These numbers raise a key question of huge importance if nations are to avoid the worst effects of climate change: Is the world on a path toward “decoupling” economic activity from carbon dioxide emissions?
Put another way: Is the idea of a future of “green growth,” with prosperity rising and emissions falling, real? Or as some fear, is it a dangerous myth?
When the United Nations holds an official signing ceremony for the Paris climate agreement on April 22, the hope is this high-profile event will ensure political momentum for meeting the Paris pledge to halt global warming at “well below” two degrees Celsius. But even climate scientists elated by the Paris agreement agree that, even with political will, the task will be extremely tough. Many are unsure whether to be optimists, keen to show the job can be done, or pessimists, determined to ensure nobody thinks it will be easy.
In its analysis last month, the IEA, a body linked with the Organization for Economic Co-operation and Development (OECD), reported that global CO2 emissions from energy-related activities have not risen since 2013, staying at 32.1 billion tons even as the global economy grew.
This surprising “decoupling” of emissions from economic activity was led by the two largest emitters, China and the U.S., which both registered declines in emissions of about 1.5 percent.
The IEA finding followed a similar conclusion about global emissions from an international team of climate scientists, headed by Corinne le Quere of the University of East Anglia in England,reported during the Paris climate conference last December.
A good part of the decoupling, both studies agree, is attributable to China. Its turnaround has been “quite remarkable,” says Fergus Green, an analyst of China’s energy policy at the London School of Economics. The country’s coal use grew annually by more than 8 percent between 2000 and 2013, and that growth was the biggest single cause of rising global CO2 emissions. As recently as 2011, China got 80 percent of its electricity from coal.
But growing concern about killer smogs has triggered new controls that mean many coal-burning power plants in China have now been mothballed. Coal burning fell by 3 percent in 2015, by which time the percentage of China’s electricity produced by coal had fallen to 70 percent, according to the IEA.
Chinese emissions from oil and gas burning continue to grow, Green says. But that is more than counterbalanced by a combination of declining use of coal and reductions in energy demand from structural changes in the Chinese economy, with energy-guzzling heavy industries like cement and steel production both now declining.
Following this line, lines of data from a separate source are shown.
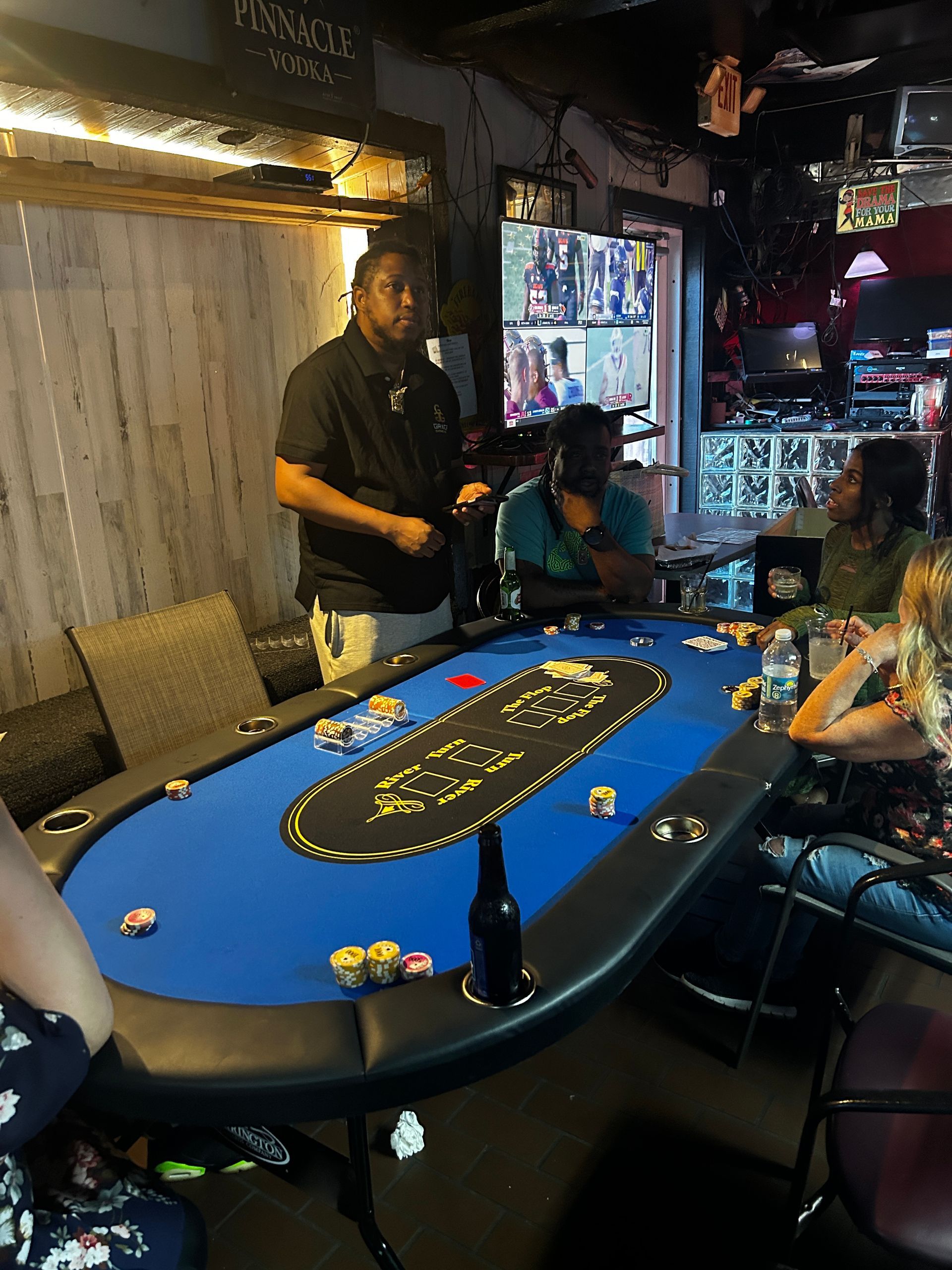People playing cards at a blue poker table in a dim bar lounge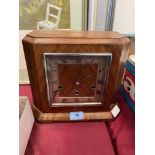 A walnut mantle clock striking and chiming on nine tubular gongs. 9' high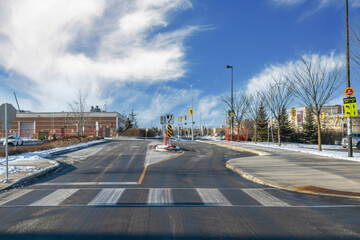 Empty roadway intersection, winter daytime, traffic signage, traffic lights and crosswalk markings, blue sky with clouds and buildings in background, nobody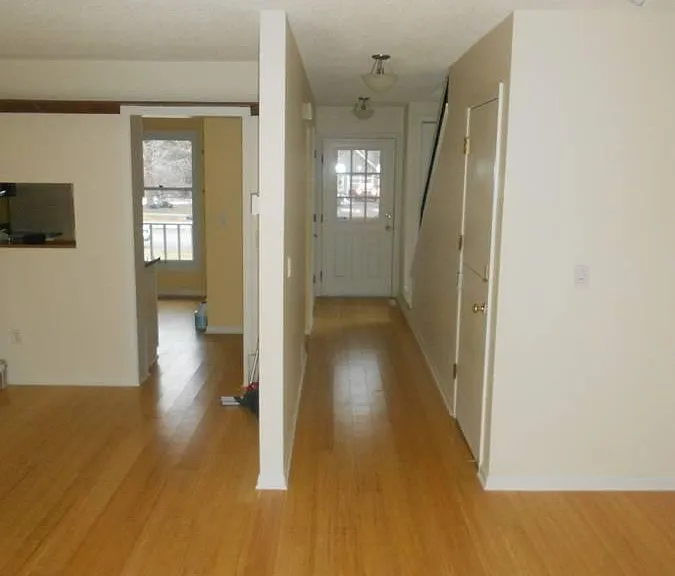 Living room looking back into kitchen and entry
Per head of population, Chinese emissions exceed those of Europe, even though average income is less than a half that of citizens of the European Union. But China seems set on the road to climate redemption. In Paris, Beijing pledged to peak emissions by 2030. In fact, it may already have done so, says Green. And even if not, he foresees only small increases from now on.
China is following a road already taken by more economically developed nations. The carbon intensity of high-income OECD countries has more than halved since 1970, meaning half as much CO2 is now emitted for every dollar of GDP.
Lately, things have gone further. U.S. emissions have been falling for more than half a decade now, as coal burning is replaced by fracked natural gas and wind power. The United States has become 28 percent richer, but 6 percent cleaner since 2000, says Nate Aden of the World Resources Institute, who reported that, since 2000, 21 countries — all in Europe, except the U.S. and Uzbekistan — have reduced their carbon emissions while growing GDP.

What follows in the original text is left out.